■ Exercise goal ■
Beneath this task are the entries; from the line with "Fourth view of" through the last one, transcribe every line exactly and nothing else, skipping pictures.

■ Given data ■
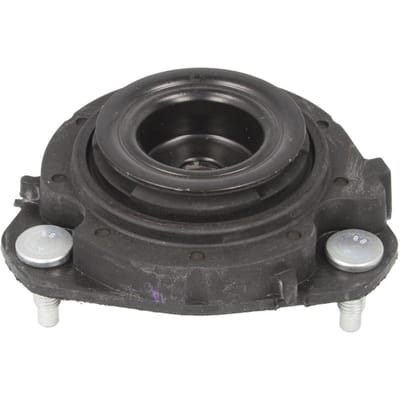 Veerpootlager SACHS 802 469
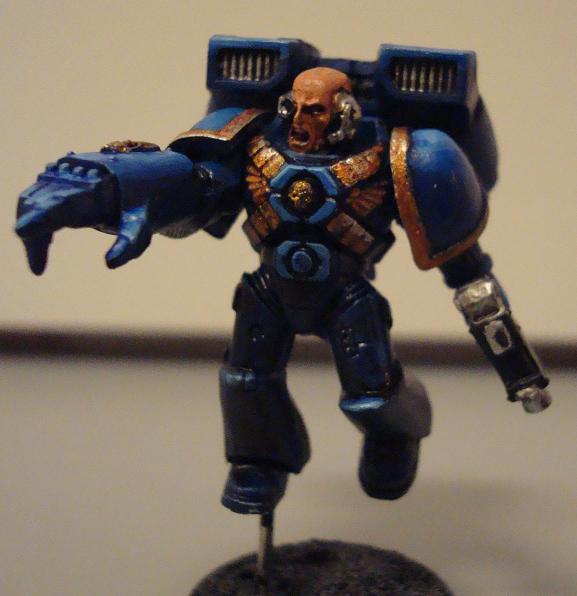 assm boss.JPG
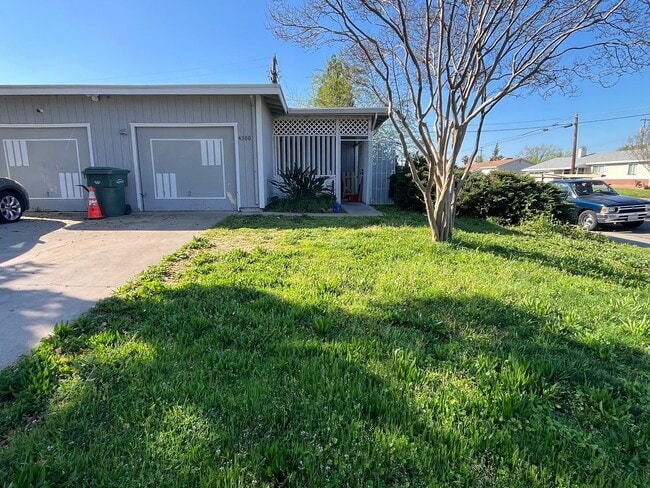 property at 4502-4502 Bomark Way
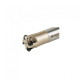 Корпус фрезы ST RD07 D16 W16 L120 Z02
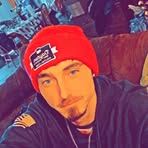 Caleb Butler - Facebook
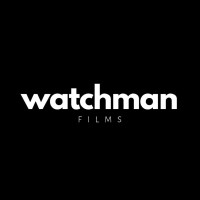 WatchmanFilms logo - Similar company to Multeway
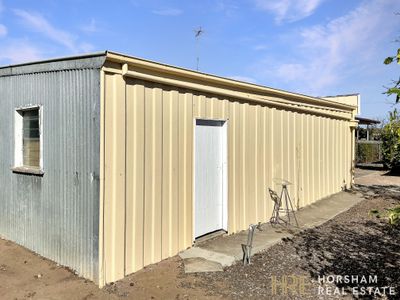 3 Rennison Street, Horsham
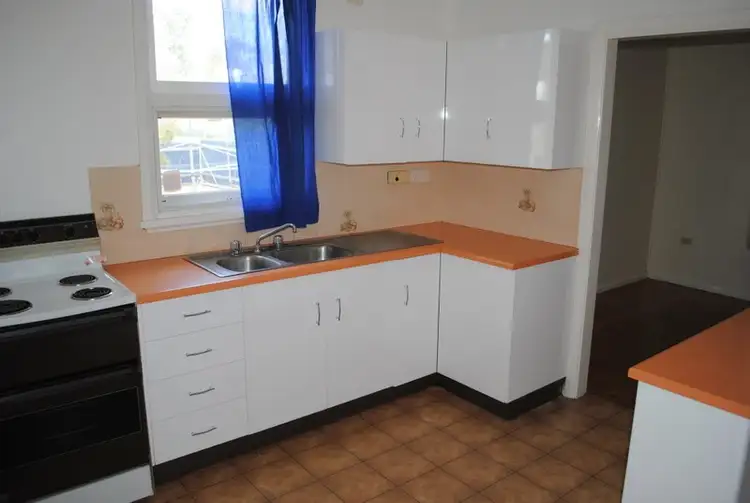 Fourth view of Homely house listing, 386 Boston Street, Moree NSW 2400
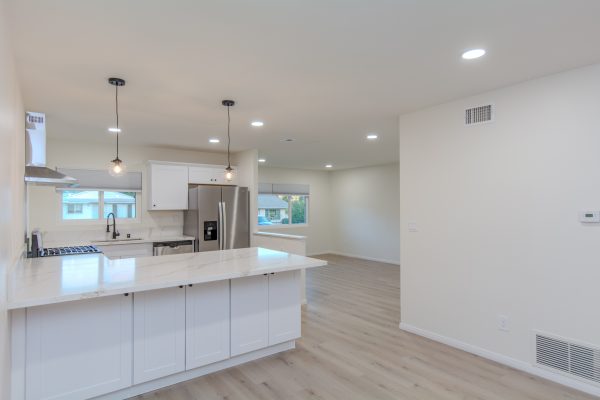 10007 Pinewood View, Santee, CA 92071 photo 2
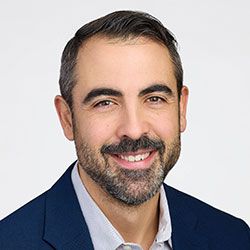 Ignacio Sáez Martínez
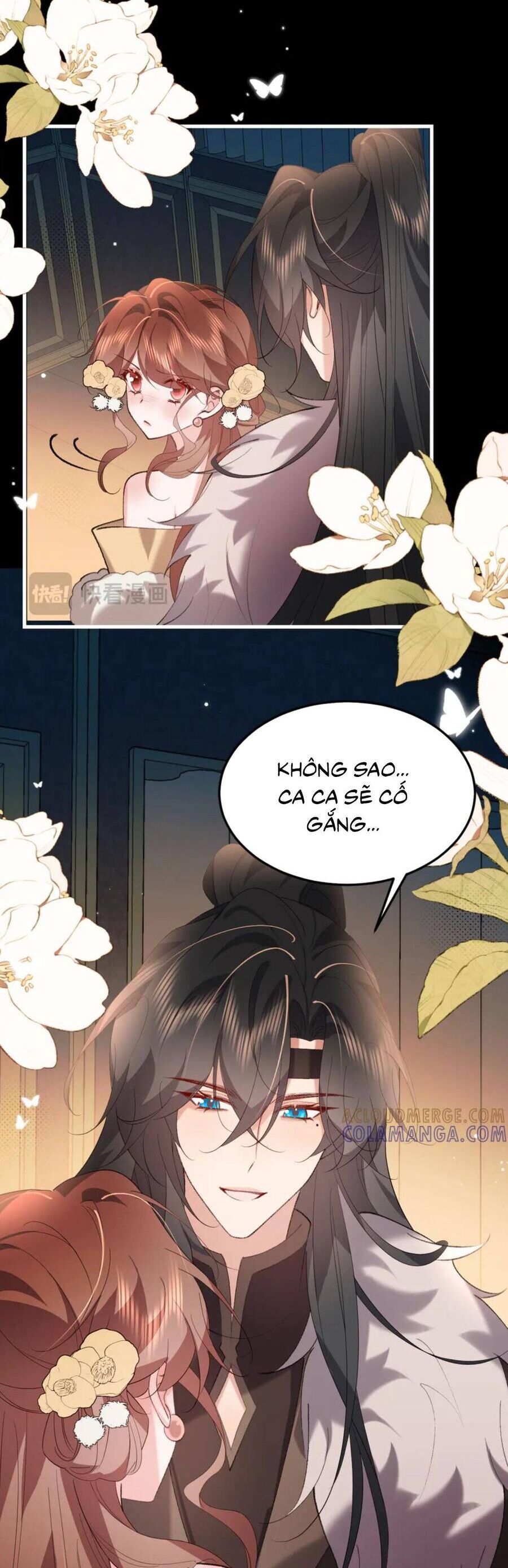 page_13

■ Answer ■
 Fourth view of Homely house listing, 386 Boston Street, Moree NSW 2400
 10007 Pinewood View, Santee, CA 92071 photo 2
 Ignacio Sáez Martínez
 page_13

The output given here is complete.